** Action item **
Please copy, exactly and with no pictures, only the lines from the one containing "Der Höhepunkt aus" through the last line of the records.

*** Opening of Data records ***

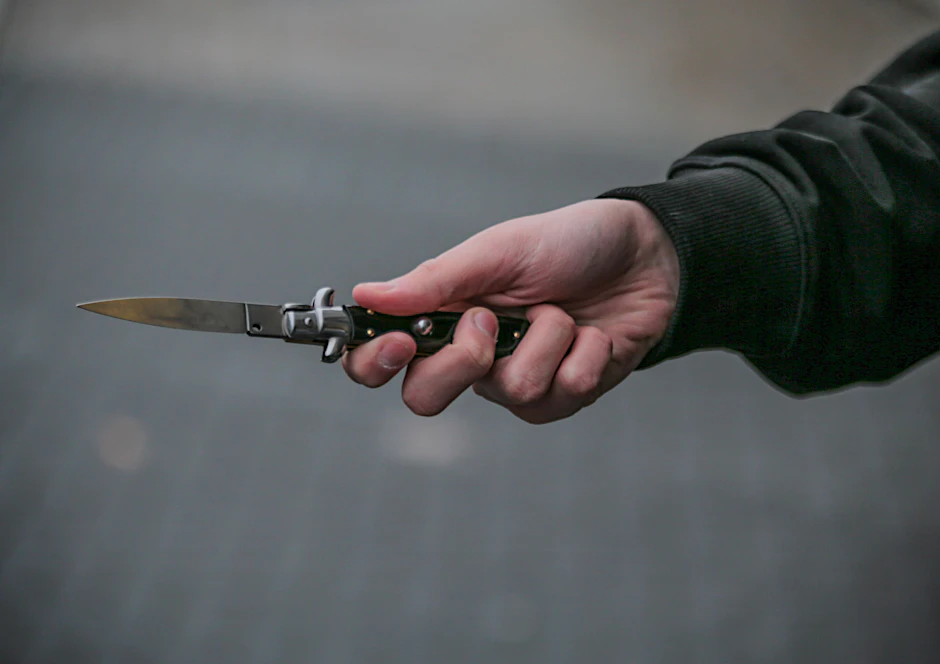 Am Donnerstag startete vor dem Berliner Landgericht der Prozess gegen einen 28-jährigen Tatverdächtigen, der drei Männer mit einem Messer schwer verletzt haben soll.&nbsp;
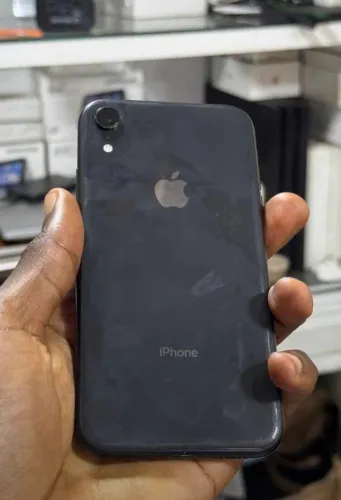 iPhone XR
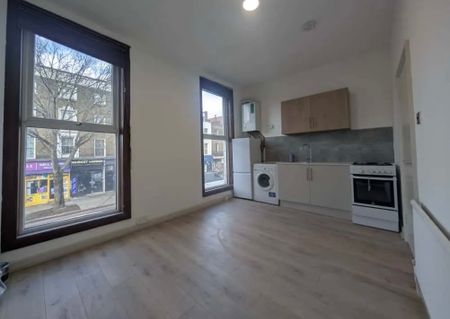 1 Bed Flat, Camden Road, NW1 - Photo 3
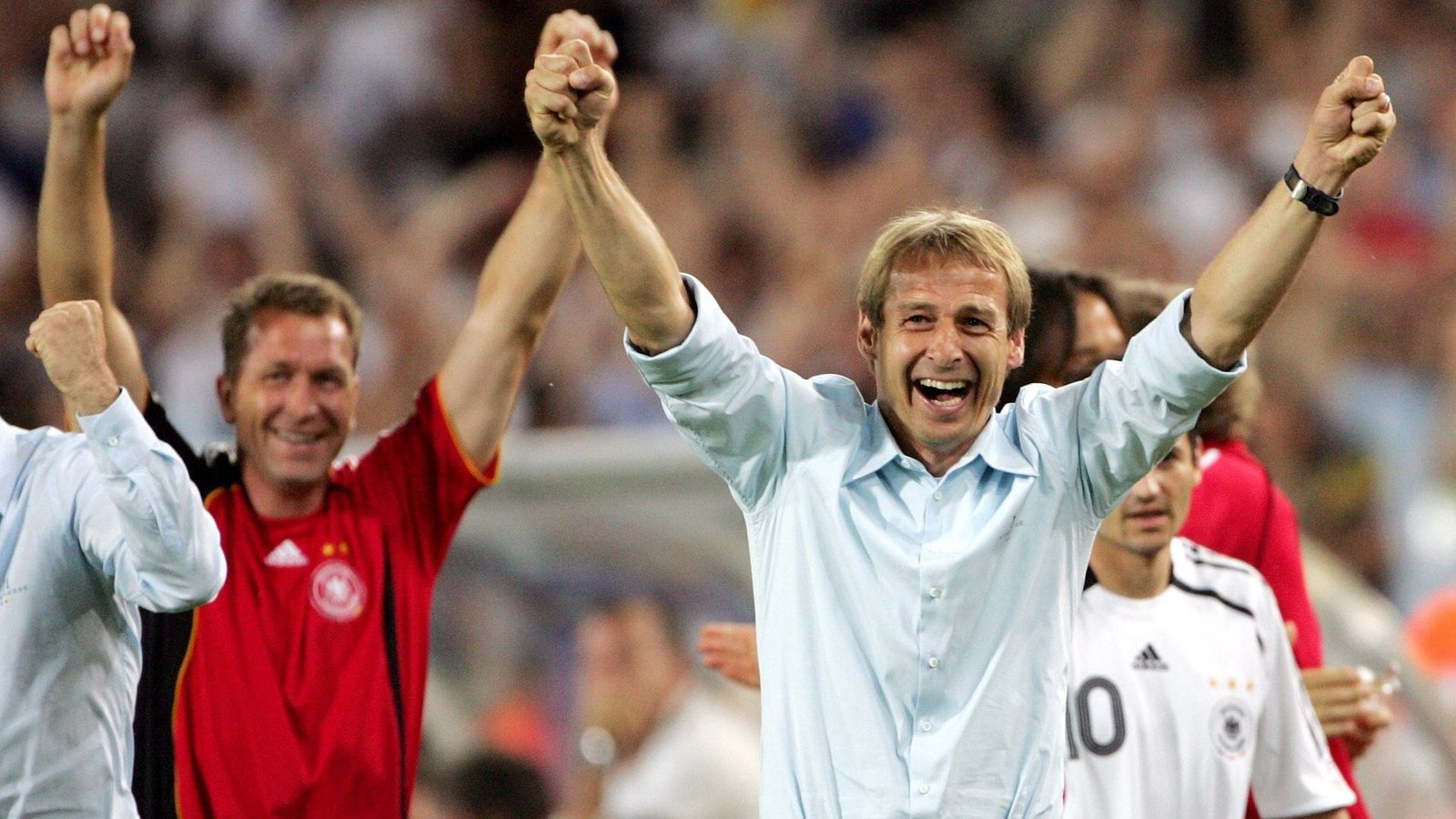 Der Höhepunkt aus deutscher Sicht: Im Spiel um Platz drei gewinnt das Team von Jürgen Klinsmann mit 3:1 gegen Portugal.Foto: imago/Sammy Minkoff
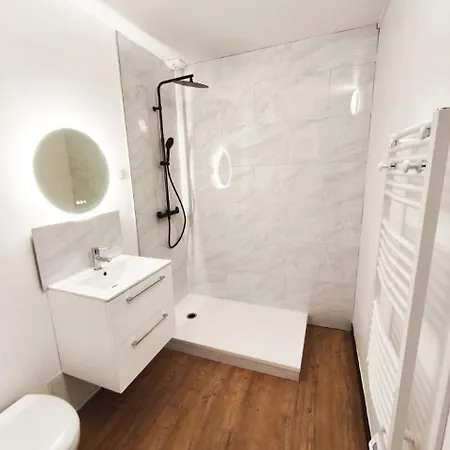 Cosy De 55 M2, Elegant Et Renove Sur Lejlighed *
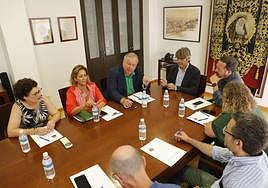 Moya, Borrego, Bernabé y Marín en su encuentro con los abogados en la sede colegial de Lorca.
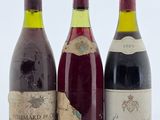 trois bouteilles de vin posées sur une table l'une à côté de l'autre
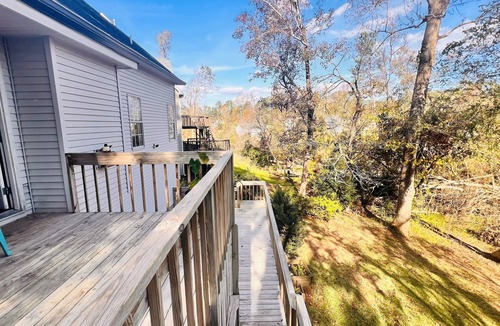 Martinez House | Beautiful 4-Bed, 4-Bath Home, just 6 miles from Augusta National Golf Club,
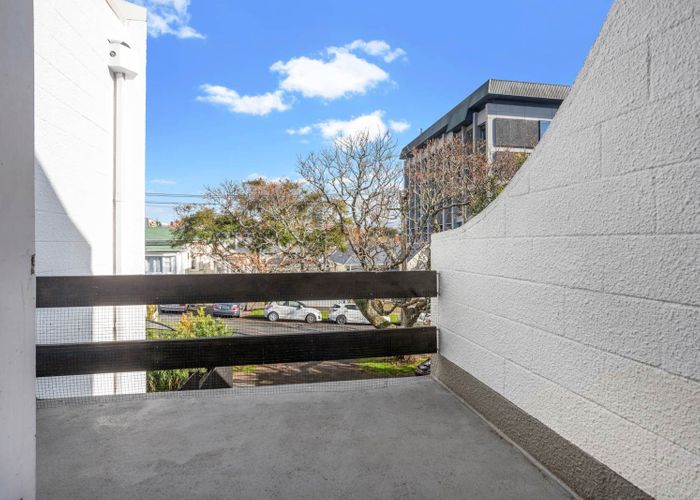  at 8F Glasgow Terrace, Grafton, Auckland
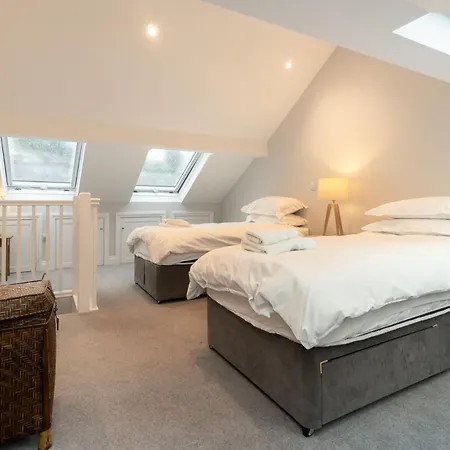 בית נופש Dovedale *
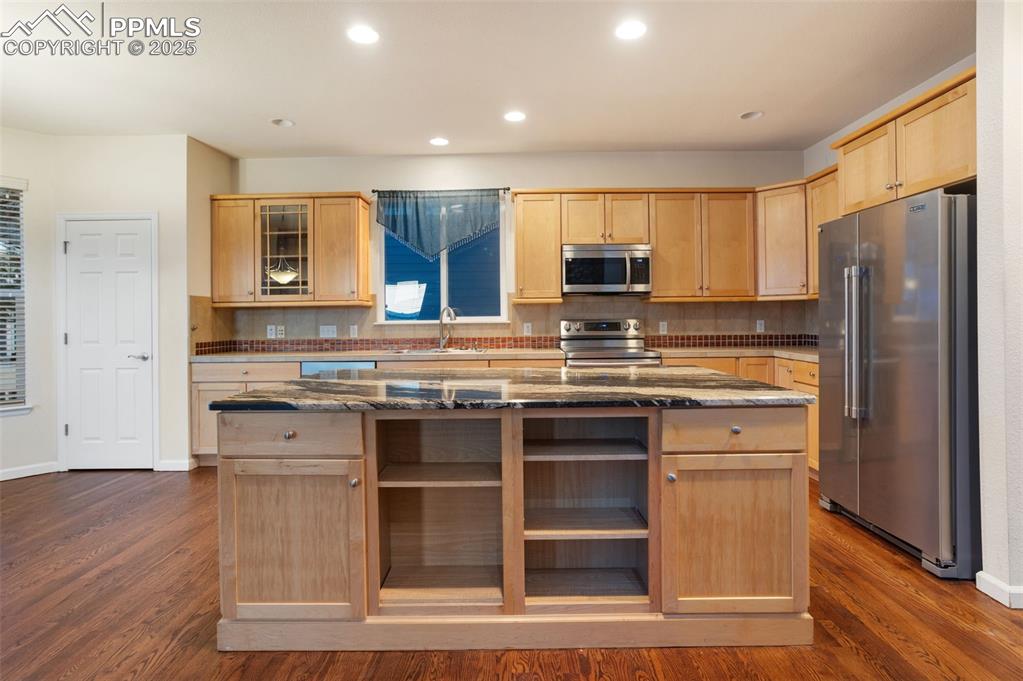 Image 23 of 47: Kitchen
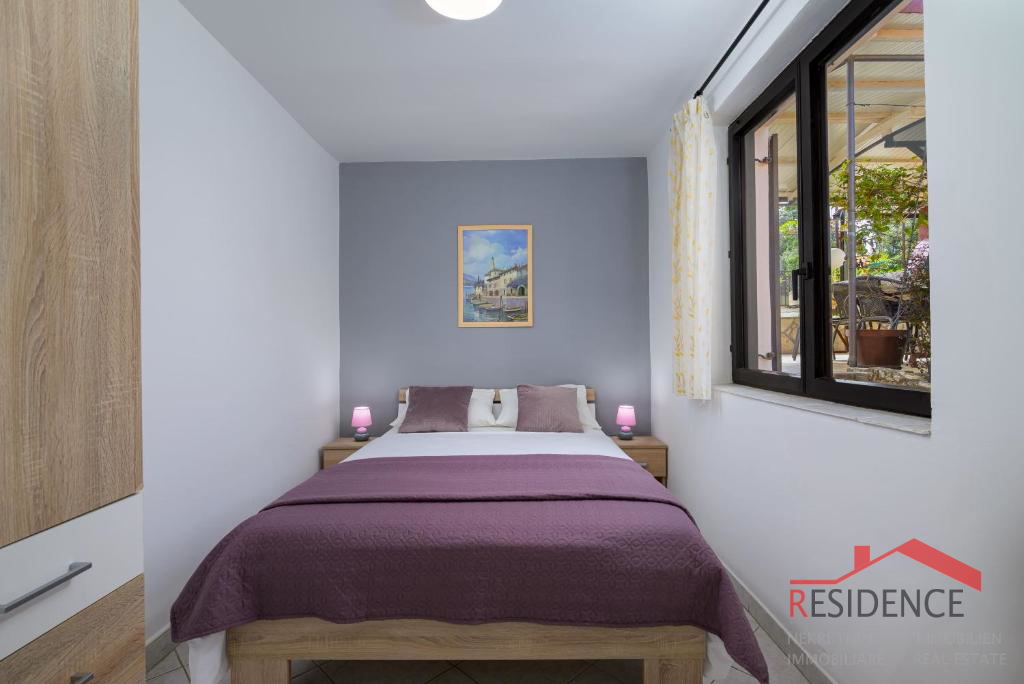 Prostrana kuća s 7 apartmana i velikim vrtom u Štinjanu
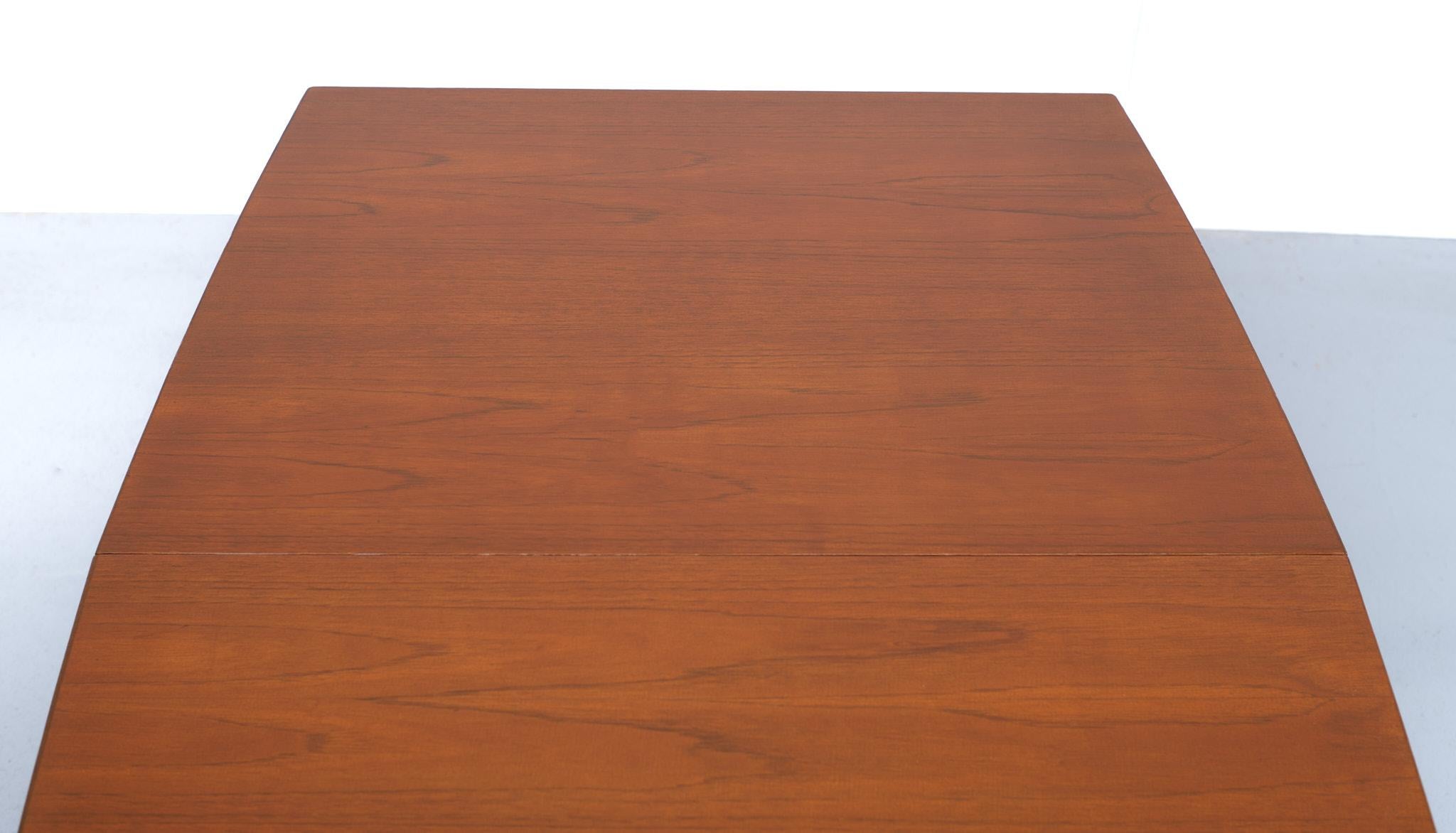 Teak Extendable Dining Table Fristho Franeker, 1960s In Good Condition In Den Haag, NL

*** Close of Data records ***

** Exercise result **
 Der Höhepunkt aus deutscher Sicht: Im Spiel um Platz drei gewinnt das Team von Jürgen Klinsmann mit 3:1 gegen Portugal.Foto: imago/Sammy Minkoff
 Cosy De 55 M2, Elegant Et Renove Sur Lejlighed *
 Moya, Borrego, Bernabé y Marín en su encuentro con los abogados en la sede colegial de Lorca.
 trois bouteilles de vin posées sur une table l'une à côté de l'autre
 Martinez House | Beautiful 4-Bed, 4-Bath Home, just 6 miles from Augusta National Golf Club,
  at 8F Glasgow Terrace, Grafton, Auckland
 בית נופש Dovedale *
 Image 23 of 47: Kitchen
 Prostrana kuća s 7 apartmana i velikim vrtom u Štinjanu
 Teak Extendable Dining Table Fristho Franeker, 1960s In Good Condition In Den Haag, NL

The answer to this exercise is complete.